The lab work was assigned to Ferdinand Flury, charged with testing the toxicological effects and mechanisms of all kinds of toxic gases on mice, rats, monkeys, and even horses. But only one really stood out from the others: chlorine gas. At the time, the industrial use of chlorine, abundant in nature, combined with other elements—such as, for example, sodium in salt form (sodium chloride)—was in its infancy. Since the well-received presentation in 1785 by the chemist Claude-Louis Berthollet, who had described the whitening property of Javel water (bleach)—a solution of chlorine and potassium invented in a factory in the Javel neighborhood of Paris—the element had dazzling success as a whitening agent (in the textile and then the paper industry) and later as a disinfectant. But its use had remained limited, because as an uncompounded element chlorine is a yellow-green gas—its name derives from chloros, meaning pale green in Greek—and is extremely toxic, with a very unpleasant suffocating odor that violently attacks the respiratory tract. Added to the fact that it is heavier than air and has a tendency to concentrate close to the ground—which is very useful in trench warfare—it was precisely the toxic properties of chlorine gas (also known as dichlorine) that interested Fritz Haber.

On April 22, 1915, the German army released 146 tons of gas at Ypres, at the scientist’s direction; he had no hesitation in going to the front to supervise chemical attacks. He was the one who organized the secret installation of five thousand barrels of chlorine over a distance of six kilometers and ordered that the valves be opened at five in the morning. Driven by the breeze, the gas drifted over the Allied trenches. Taken by surprise, the French (mainly Algerian), British, and Canadian troops fell like flies, while trying to protect themselves with urine-soaked handkerchiefs. “I shall never forget the horrible agony of surprise in the eyes of the men who got that first dose,” a Canadian survivor recalled. “It was the look of a dog being suddenly beaten for a thing it hadn’t done. . . . They began gulping and coughing, and then fell down with their faces in their hands. . . . I had rolled and writhed, with the agony of the gas in my lungs, in a pool of slush in the bottom of the trench.”14

Fritz Haber, who had the rank of captain, paid a heavy price for this first victory: a few days after the Ypres trenches were gassed, his wife Clara Immerwahr, also a chemist, committed suicide by shooting herself in the heart with her husband’s service revolver. It was reported that she strenuously opposed his work on poison gas.
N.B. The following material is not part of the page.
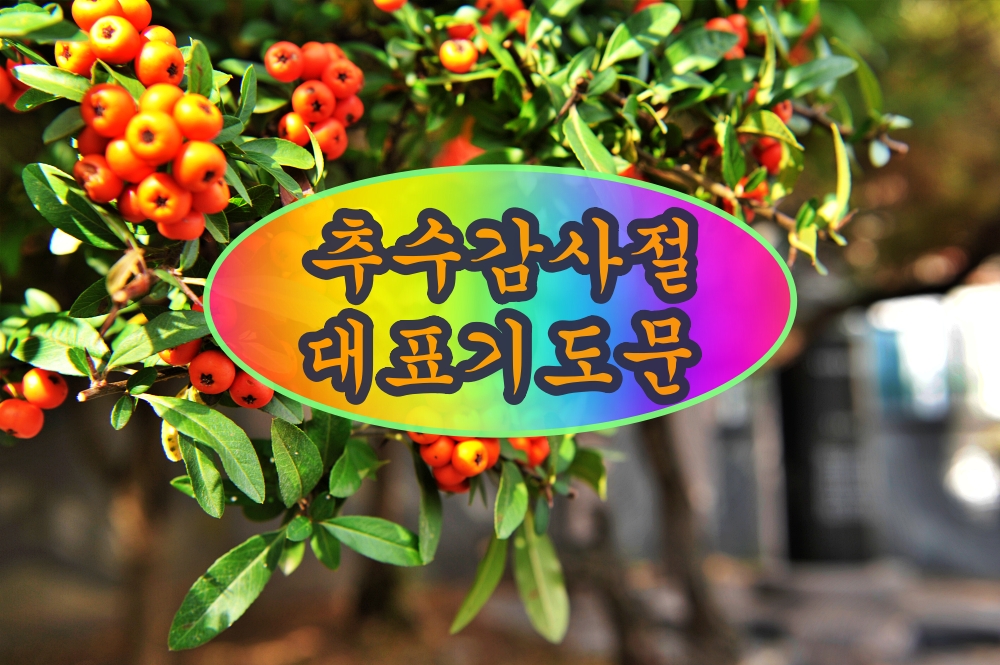 추수감사주일 대표 기도문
But Haber did not give up his work. Learning that the Allies had equipped their troops with gas masks, which made chlorine ineffective, he perfected phosgene, a mixture of two extremely toxic gases, dichlorine and carbon monoxide. Less irritating to the eyes, nose, and throat than chlorine gas alone, it was nonetheless the deadliest of the chemical weapons concocted in the laboratories of Berlin, because it violently attacked the lungs, filling them with hydrochloric acid. The few infantrymen who survived attacks died of the aftereffects in the years following the great slaughter. It is noteworthy that phosgene is still used today as a chemical ingredient in the pesticide industry. It is one of the ingredients in Sevin (carbaryl), the insecticide that produced the December 1984 disaster in Bhopal (see Chapter 3).

Toward the end of the war, after tens of thousands had been gassed, the German army released Haber’s latest find: mustard gas, also known as yperite because, like chlorine gas, it was used first in the Ypres trenches. Its effects are terrible: it produces huge blisters on the skin, burns the cornea, causing blindness, and attacks bone marrow, causing leukemia. Few soldiers survived mustard gas attacks.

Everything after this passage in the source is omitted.